As shown in FIG. 2, the impulse cylinder 205 has a bore diameter of approximately 6-18 inches in which the impulse piston 215 rides. It has been found that increasing the piston diameter increases system efficiency. This is due to the fact that imbalance on the piston shaft 218 is minimized as the cylinder diameter grows.

Further, the stroke of the impulse piston 215 between the rest position and the launch position is approximately the same as the piston diameter. The stroke length is determined by the amount of water displacement required for launch, as well as the water column deceleration criterion. Minimizing stroke creates higher water column deceleration rates which increases risk of cavitation.

An air chamber 233 integral to the ejection pump 107 is much preferred over a separate air flask (not shown) with connecting piping for the efficient expansion of air into the air side 230 of the impulse cylinder 205. According to devices and methods herein, the air chamber 233 may have a volume of approximately three cubic feet. Another advantage of an air chamber 233 integral to the ejection pump 107 is simplified ship arrangements, due to minimization of the number of foundations required. Air chamber 233 is joined to a high pressure air system available on the vessel.

A hydraulic control assembly 243 is connected to the ejection pump 107. The hydraulic control assembly 243 is further joined to receive hydraulic fluid from a hydraulic pump or hydraulic pressure source that is commonly available aboard a vessel. The hydraulic control assembly 243 includes a hydraulic cylinder 246 operatively connected to the impulse cylinder 205. The hydraulic cylinder 246 includes a housing 249 defining an interior chamber 252. The piston shaft 218 extends through end wall 212 of the impulse cylinder 205 into the interior chamber 252 of the hydraulic cylinder 246. The piston shaft 218 has a first end 255 and a second end 258. The first end 255 is connected to the impulse piston 215 and the second end 258 is connected to a hydraulic piston 261 slidably disposed in the hydraulic cylinder 246. The hydraulic piston 261 is moveable between a stop position and a firing position. The hydraulic control assembly 243 includes a control valve 264 connected to the hydraulic cylinder 246. The control valve 264 controls and restrains movement of the hydraulic piston 261, which in turn controls and restrains movement of the impulse piston 215.

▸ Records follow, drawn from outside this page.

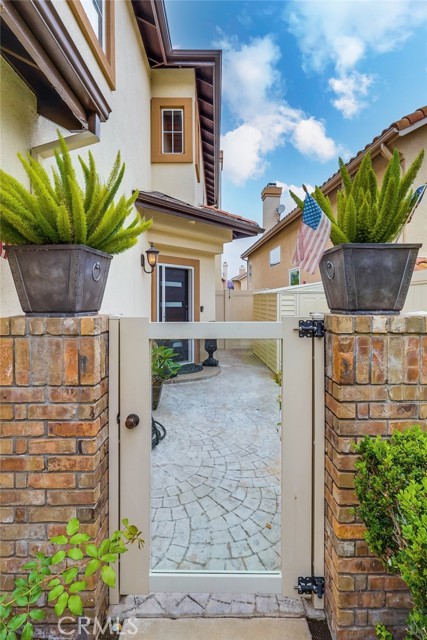 1129 Capitol Drive, San Pedro CA: https://media.crmls.org/medias/5f6c71f5-c1f8-4398-a80c-51fac7ebbdde.jpg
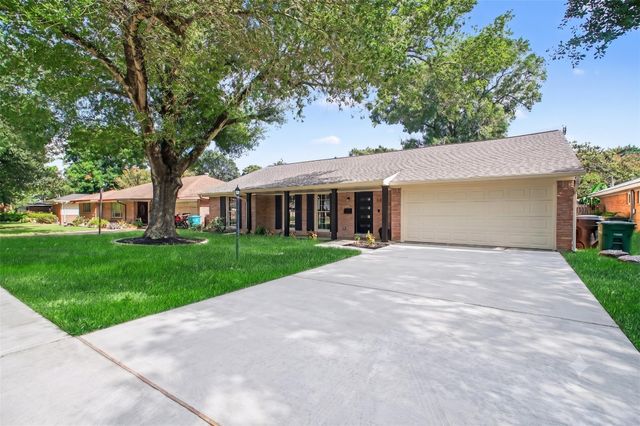 5443 Redstart Street, Houston, TX 77096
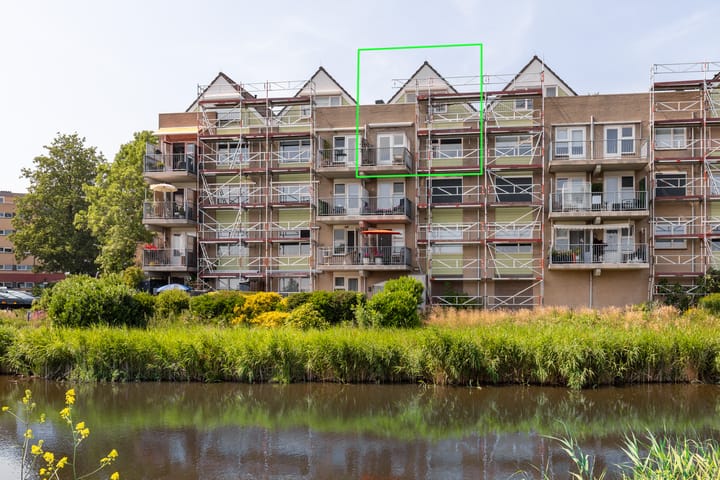Mientekade 77 in Halfweg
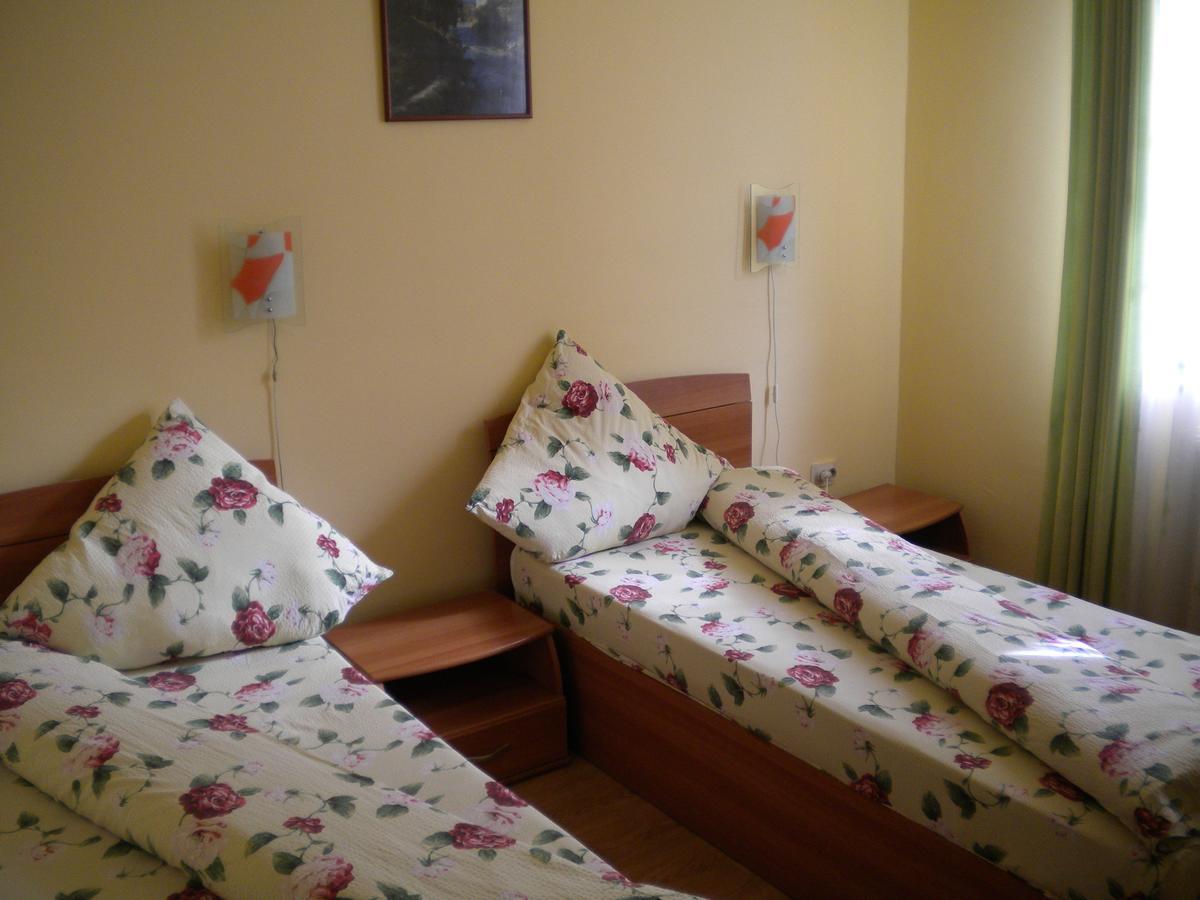 Motel Dalia Джилэу Экстерьер фото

As shown in FIG. 2, the hydraulic cylinder 246 contains a hydraulic piston 261 that is approximately 3-5 inches in diameter with a piston shaft 218 approximately 1.5-3 inches in diameter. The hydraulic cylinder 246 may comprise a dual rod cylinder, which is preferred, to equalize hydraulic fluid flow through both inlet and outlet ports of the control valve 264. A dual rod cylinder also provides a path for any leakage flow from the impulse cylinder 205 to drain.

In a preferred embodiment, the control valve 264 comprises a hydraulic servo control valve close coupled to the hydraulic cylinder 246, for optimum hydraulic performance. Control of the control valve 264 is provided through a feedback control system, capable of command specific velocity profiles, as described below. Other types of control valves can be used.

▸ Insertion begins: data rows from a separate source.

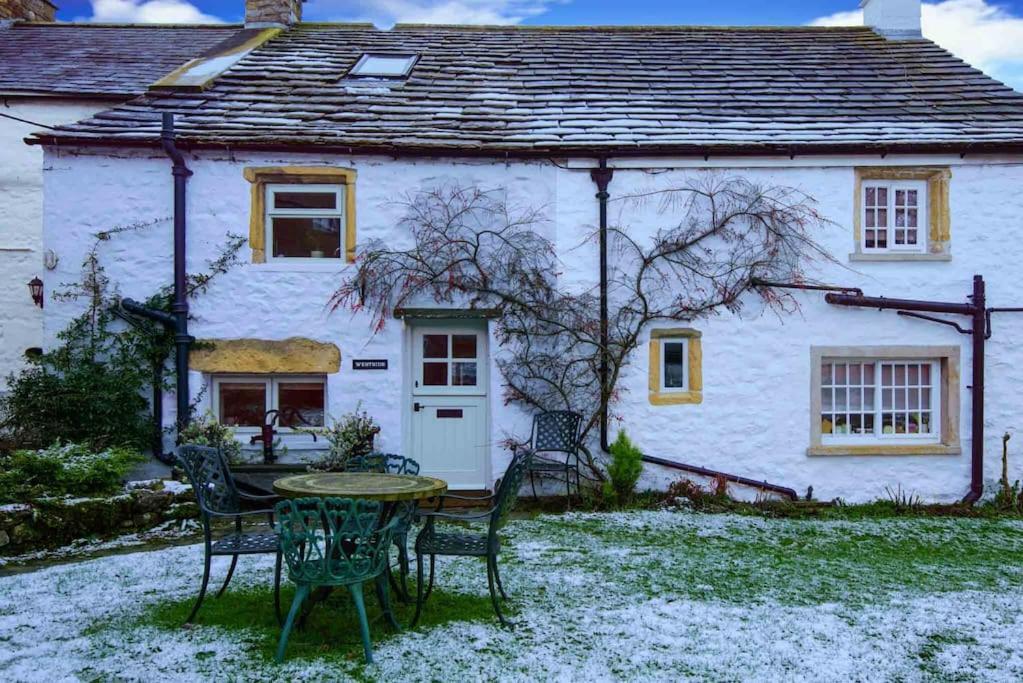 Westside Cottage: Yorkshire Dales Pet-Friendly Retreat Newby  Exterior photo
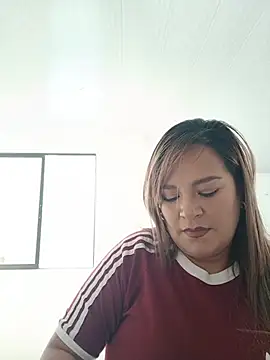 Elise-Leyton online show from June 15, 4:28 pm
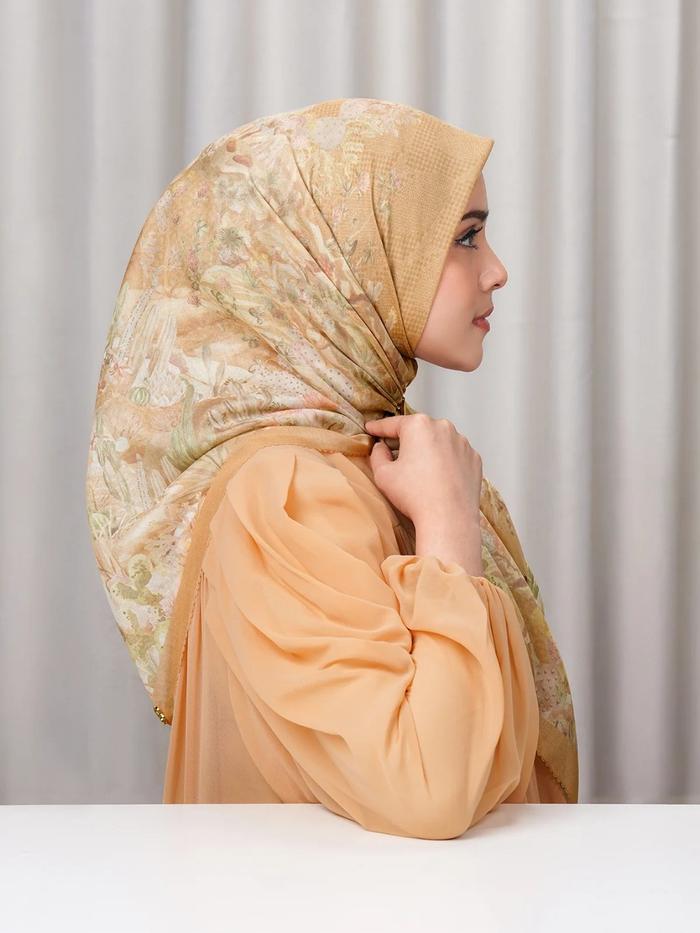 BUTTONSCARVES The Yucca Square Savana Hijab Segi Empat Buttonscarves The Yucca Square Savana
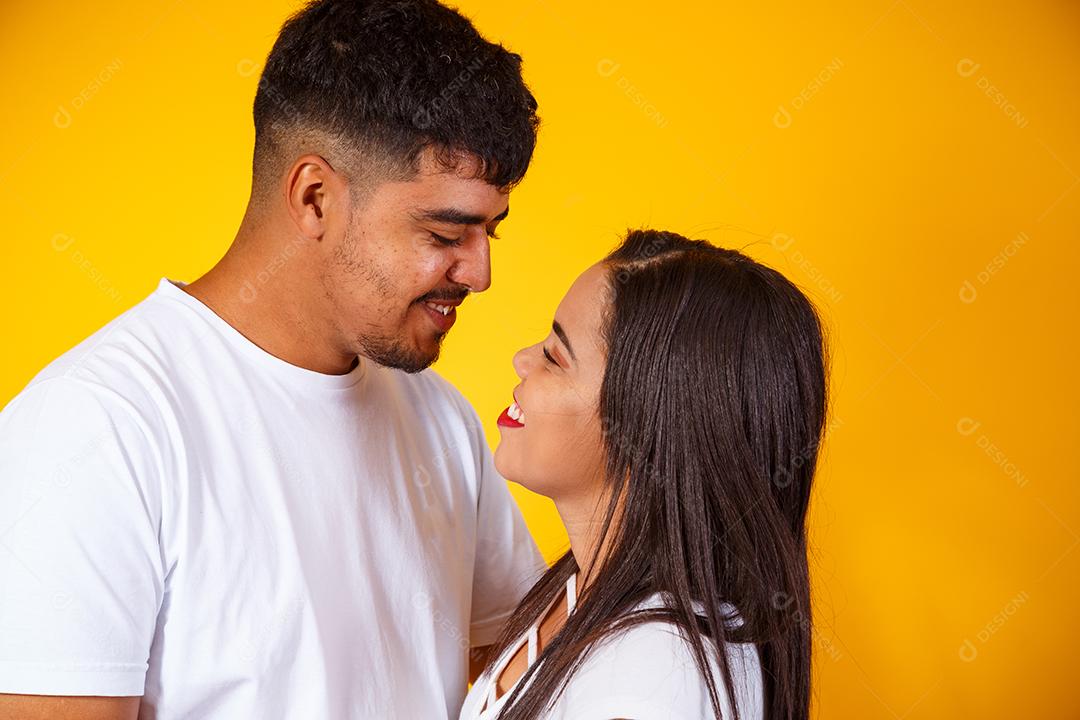 Jovem casal apaixonado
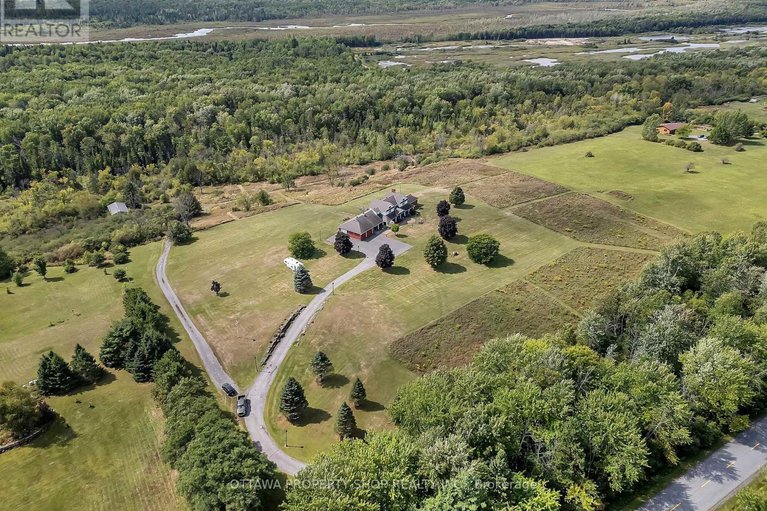 29624485/3057-greenland-road/dunrobin-shores/ottawa/ontario/K0A1T0_31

The launch system 101 shown in the FIGs. is designed for compactness and length minimization. According to devices and methods herein, the mechanical components of the ejection pump 107 are the impulse cylinder 205, which houses the impulse piston 215, the hydraulic cylinder 246, which houses the hydraulic piston 261; and the control valve 264 that controls movement of the hydraulic piston 261, which in turn controls movement of the impulse piston 215. The mechanical configuration of the components may vary by design and by ship installation constraints.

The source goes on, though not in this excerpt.